The beginning of Luke chapter 14 gives us the necessary background to understand Jesus' actions. These Pharisees he is dining with are closely watching him.  They have witnessed Jesus heal a man on the Sabbath. Despite their love of the law, these Pharisees remained silent in the face of Jesus' question of the legality of healing on the Sabbath. The great teacher knows his student's learning style and poses exacting questions to the legalistic Pharisees. Jesus' instructions on table etiquette are offered as plain instructions on what not to do. The instructions are simple in their form, but confusing in their purpose. Since when does Jesus care about etiquette and dinner invitations?

It's not actually about table etiquette, is it though? The heart of the instructions goes much deeper than seating charts and invitation lists. For Emily Post, the heart of wedding etiquette is about respect. A good wedding is reflective of the couple and considerate of guests.
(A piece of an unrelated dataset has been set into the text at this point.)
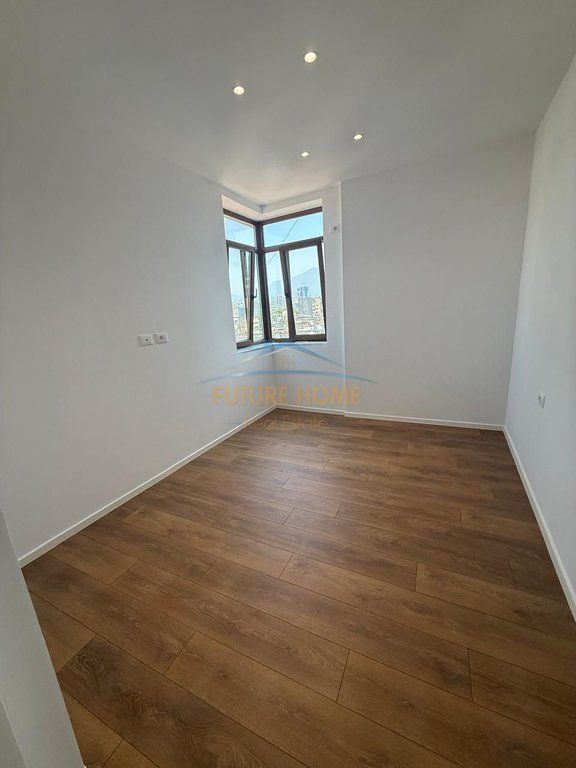 In vendita, Appartamento 1+1, Via Fadil Bodinaku, Tirana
Processional orders, invitation wording and types of showers provide a guideline from which to begin. But the etiquette is just a guideline. The heart of the instructions is to give a couple a framework to make their own in celebrating the heart of the wedding: love. Their love for one another and their community is the heart of a wedding, not etiquette.

It's the heart of Jesus' parables that we miss, if we only read them as table etiquette. While the parables feel plain and straight-forward, Jesus opens up the heart of the instructions with each last line. First, he tells the Pharisees to not immediately claim the seat of highest honor, but sit in a lower seat that they might be invited higher. "For all who exalt themselves will be humbled, and those who humble themselves will be exalted." Jesus is not focused on helping avoid embarrassment by being asked to move to a place of lower honor. This lesson is on the Kingdom of God. Jesus' words are not instructions on seating charts, but a breaking open of our need to feel exalted for a lesson on humility. It is not table etiquette, but table fellowship. And Jesus' second parable follows in the same vein. He is not solely critiquing his host's guest list. The lesson is on the Kingdom of God. The host who invites "the poor, the crippled, the lame, and the blind, . . . will be blessed, because they cannot repay you, for you will be repaid at the resurrection of the righteous." In the Kingdom of God, the lowly will be exalted.  Jesus sets up table fellowship as an example of the Kingdom of God.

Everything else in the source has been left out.